What you have to do = Provide the data again in its entirety, exactly as given.

[Data for the task — start]

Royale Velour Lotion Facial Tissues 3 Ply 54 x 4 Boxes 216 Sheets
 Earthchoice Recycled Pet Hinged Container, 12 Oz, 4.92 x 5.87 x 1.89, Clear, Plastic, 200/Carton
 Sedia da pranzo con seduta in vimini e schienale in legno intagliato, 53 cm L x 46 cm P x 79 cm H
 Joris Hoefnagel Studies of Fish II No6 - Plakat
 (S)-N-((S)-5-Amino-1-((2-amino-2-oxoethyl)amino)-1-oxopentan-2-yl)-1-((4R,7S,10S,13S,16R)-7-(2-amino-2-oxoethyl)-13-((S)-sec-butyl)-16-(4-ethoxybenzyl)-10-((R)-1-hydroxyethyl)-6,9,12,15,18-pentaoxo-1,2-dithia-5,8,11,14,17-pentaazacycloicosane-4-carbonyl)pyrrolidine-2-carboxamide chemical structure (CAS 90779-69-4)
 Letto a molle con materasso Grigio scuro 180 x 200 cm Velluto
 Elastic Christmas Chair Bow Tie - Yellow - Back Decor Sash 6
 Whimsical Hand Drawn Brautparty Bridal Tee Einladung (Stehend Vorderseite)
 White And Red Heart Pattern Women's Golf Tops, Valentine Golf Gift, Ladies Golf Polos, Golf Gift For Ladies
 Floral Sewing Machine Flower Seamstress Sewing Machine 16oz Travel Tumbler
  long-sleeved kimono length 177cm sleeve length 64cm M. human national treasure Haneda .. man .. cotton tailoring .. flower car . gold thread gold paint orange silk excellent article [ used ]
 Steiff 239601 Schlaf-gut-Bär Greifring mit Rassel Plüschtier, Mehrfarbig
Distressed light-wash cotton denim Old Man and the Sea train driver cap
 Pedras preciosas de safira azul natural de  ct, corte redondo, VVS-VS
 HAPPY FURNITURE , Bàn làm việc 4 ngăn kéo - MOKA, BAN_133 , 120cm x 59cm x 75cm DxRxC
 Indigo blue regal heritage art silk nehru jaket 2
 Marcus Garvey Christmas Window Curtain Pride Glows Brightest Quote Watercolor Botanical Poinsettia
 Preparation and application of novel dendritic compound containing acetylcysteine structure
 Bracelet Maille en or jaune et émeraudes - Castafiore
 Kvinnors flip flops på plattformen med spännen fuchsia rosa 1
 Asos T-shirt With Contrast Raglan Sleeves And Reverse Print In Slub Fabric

[Data for the task — finish]

Output =
Royale Velour Lotion Facial Tissues 3 Ply 54 x 4 Boxes 216 Sheets
 Earthchoice Recycled Pet Hinged Container, 12 Oz, 4.92 x 5.87 x 1.89, Clear, Plastic, 200/Carton
 Sedia da pranzo con seduta in vimini e schienale in legno intagliato, 53 cm L x 46 cm P x 79 cm H
 Joris Hoefnagel Studies of Fish II No6 - Plakat
 (S)-N-((S)-5-Amino-1-((2-amino-2-oxoethyl)amino)-1-oxopentan-2-yl)-1-((4R,7S,10S,13S,16R)-7-(2-amino-2-oxoethyl)-13-((S)-sec-butyl)-16-(4-ethoxybenzyl)-10-((R)-1-hydroxyethyl)-6,9,12,15,18-pentaoxo-1,2-dithia-5,8,11,14,17-pentaazacycloicosane-4-carbonyl)pyrrolidine-2-carboxamide chemical structure (CAS 90779-69-4)
 Letto a molle con materasso Grigio scuro 180 x 200 cm Velluto
 Elastic Christmas Chair Bow Tie - Yellow - Back Decor Sash 6
 Whimsical Hand Drawn Brautparty Bridal Tee Einladung (Stehend Vorderseite)
 White And Red Heart Pattern Women's Golf Tops, Valentine Golf Gift, Ladies Golf Polos, Golf Gift For Ladies
 Floral Sewing Machine Flower Seamstress Sewing Machine 16oz Travel Tumbler
  long-sleeved kimono length 177cm sleeve length 64cm M. human national treasure Haneda .. man .. cotton tailoring .. flower car . gold thread gold paint orange silk excellent article [ used ]
 Steiff 239601 Schlaf-gut-Bär Greifring mit Rassel Plüschtier, Mehrfarbig
Distressed light-wash cotton denim Old Man and the Sea train driver cap
 Pedras preciosas de safira azul natural de  ct, corte redondo, VVS-VS
 HAPPY FURNITURE , Bàn làm việc 4 ngăn kéo - MOKA, BAN_133 , 120cm x 59cm x 75cm DxRxC
 Indigo blue regal heritage art silk nehru jaket 2
 Marcus Garvey Christmas Window Curtain Pride Glows Brightest Quote Watercolor Botanical Poinsettia
 Preparation and application of novel dendritic compound containing acetylcysteine structure
 Bracelet Maille en or jaune et émeraudes - Castafiore
 Kvinnors flip flops på plattformen med spännen fuchsia rosa 1
 Asos T-shirt With Contrast Raglan Sleeves And Reverse Print In Slub Fabric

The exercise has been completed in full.